This is why I’m enjoying Newsom’s trolling. Ultimately,
it’s less a goof on Trump than on the contemptible Americans who’ve enabled
him, from the paid
apologists of the MAGA Republican establishment to the salt-of-the-earth
right-wingers who’ve learned to forgive the president about literally anything
in the name of endless war on the left. The California governor’s Trump-ish
tweets are a sort of meta-joke on how utterly modern partisanship has blinded
partisans. All it takes to expose stupid, unacceptable rhetoric as stupid and
unacceptable is to change the identity of the speaker. Instantly, everything
becomes clear.
“In some ways, it’s like peering into the near future of
what a post-literate presidential campaign might look like,” Politico wrote
of Newsom’s trolling, in one of the more dystopian sentences about American
politics that I’ve encountered lately. But it’s true: Essentially, the governor
is leaning into idiocracy. Populism has convinced Americans that oafish
demagoguery is “authentic” and should be rewarded with leadership, and one
Democrat has decided—with tongue in cheek—to show them where that logic leads.

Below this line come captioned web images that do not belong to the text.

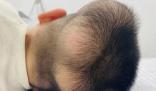 5歲男童患“超級罕見病” 國內此前僅報道過1例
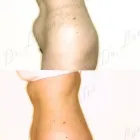 59 üzleti kép ZSÍRLESZÍVÁS KLINIKA DR LÁNYI CECÍLIA Plasztikai sebészet ban/ben Budapest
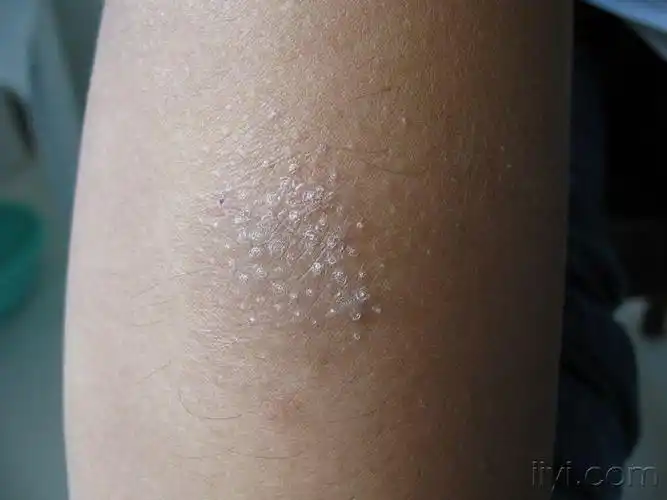 苔癣样皮疹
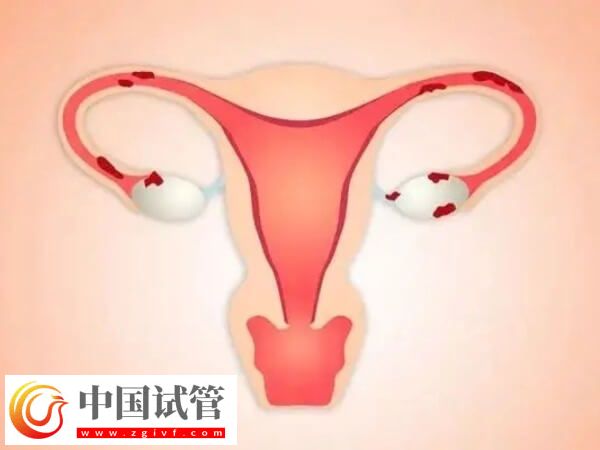 腔粘连不治会有什么后果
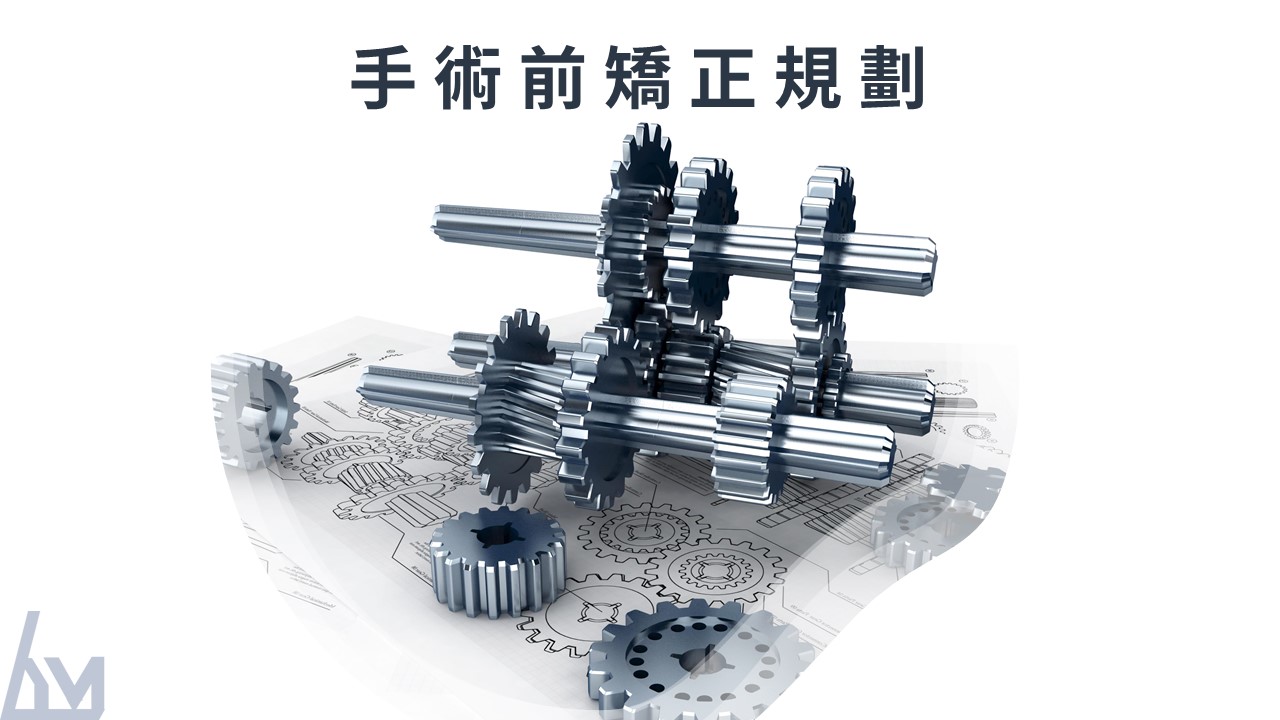 手術前矯正規劃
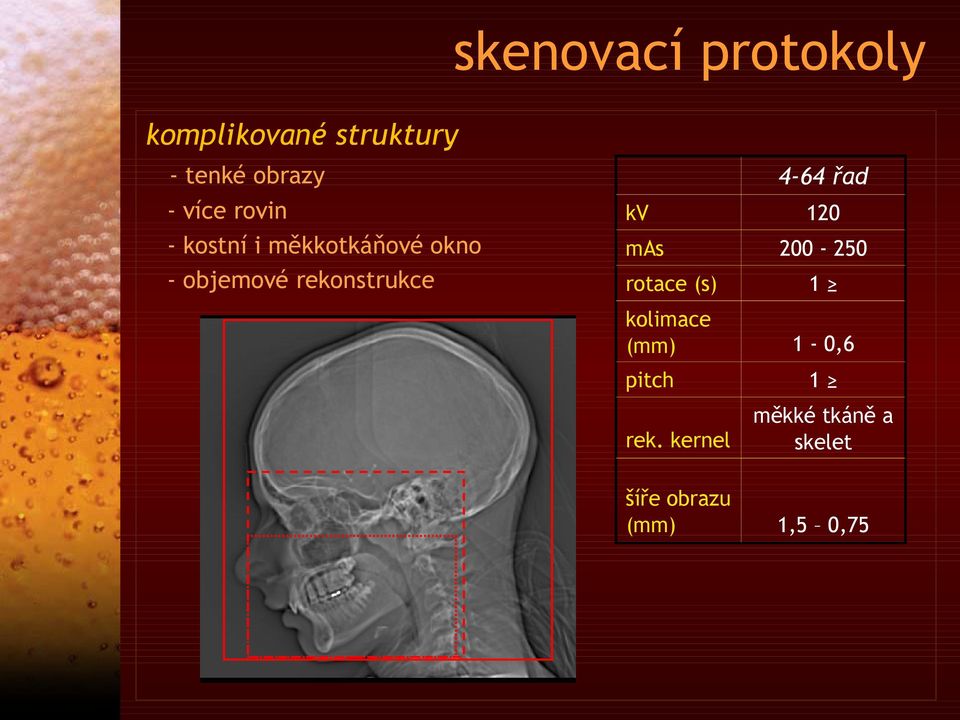 rekonstrukce kv mas 4-64 řad 120 200-250 rotace (s) 1 kolimace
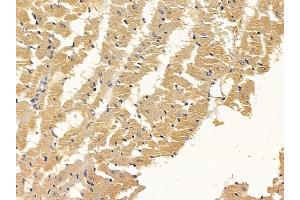 ABIN6258617 and ABIN6274962 at 1/100 staining rat heart tissue by IHC-P. (CA5B Antikörper  (C-Term))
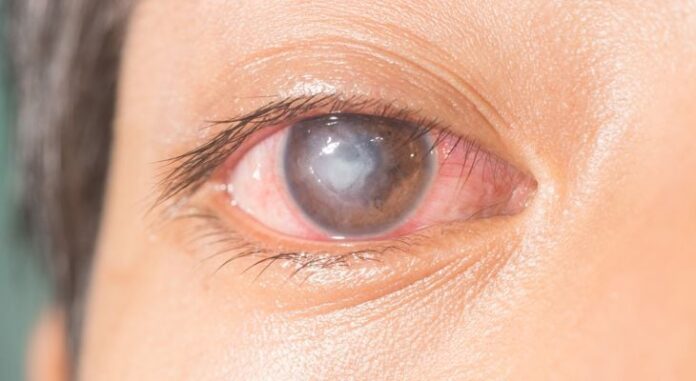 Corneal Ulcer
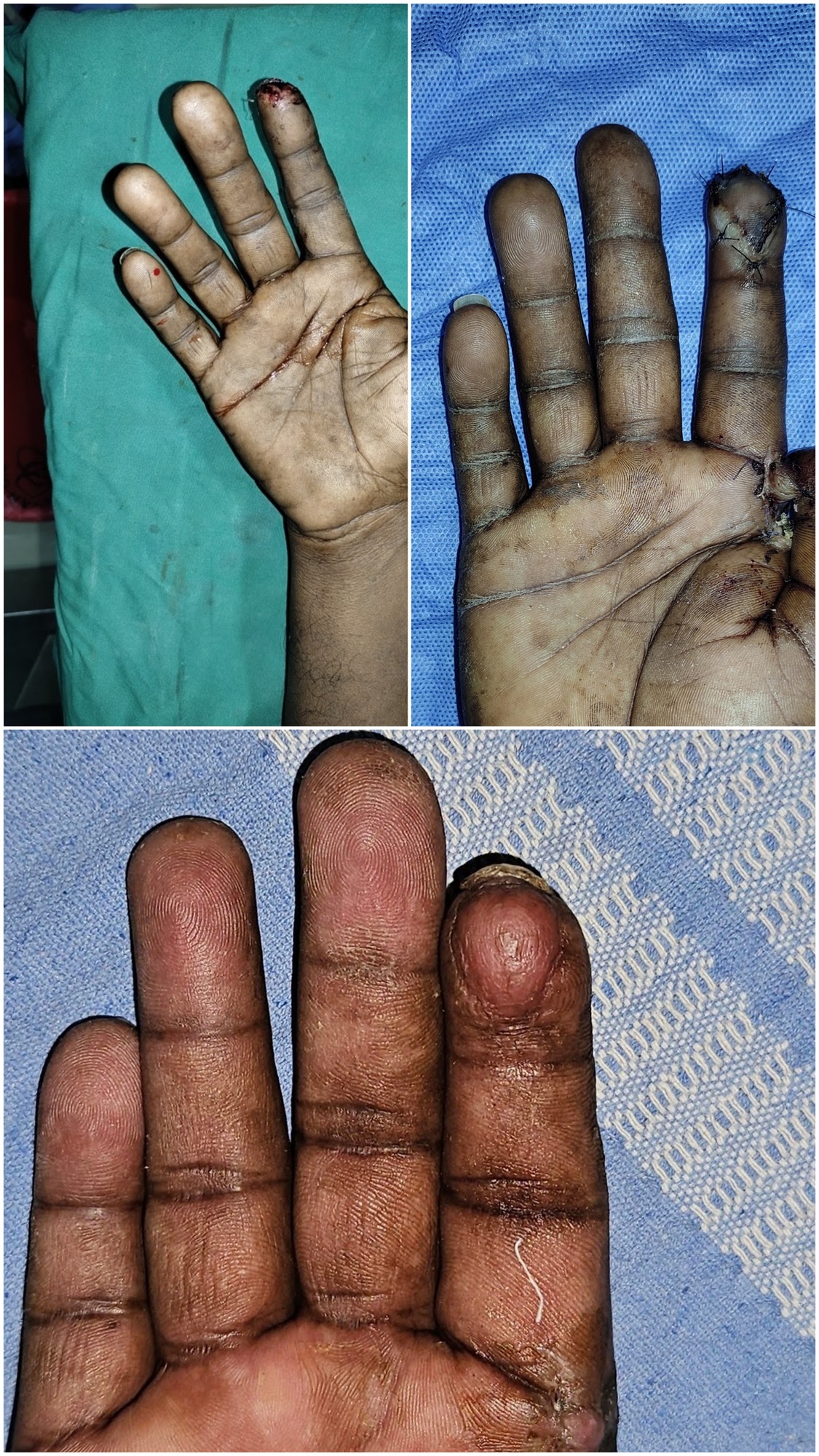 Lipoma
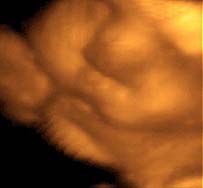 3D 4D Ultrasound service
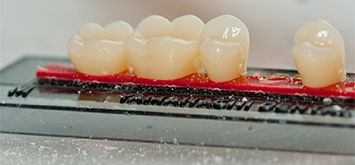 Remplacement de dent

If populists want a country where everyone sounds like Trump (insofar as we don’t
have one already), that can be arranged.
And if populists don’t want that, great. That’s progress.
They shouldn’t.
“Turnabout is fair play” is an interesting and
provocative message for a 2028 Democratic hopeful, especially in contrast to
Joe Biden’s 2020 “return to normalcy” campaign. Trolling won’t win Newsom the
general election, but the fact that he’s willing to use the president’s
rhetorical tactics against the right may carry outsized weight in the next
Democratic primary. Whether for reasons of partisan revenge or of ideological
ruthlessness, a lot of leftists will want their new leader to
aggressively exploit the abuses of power that Trump has normalized. By using
the president’s rhetoric, the governor is hinting that he’s game.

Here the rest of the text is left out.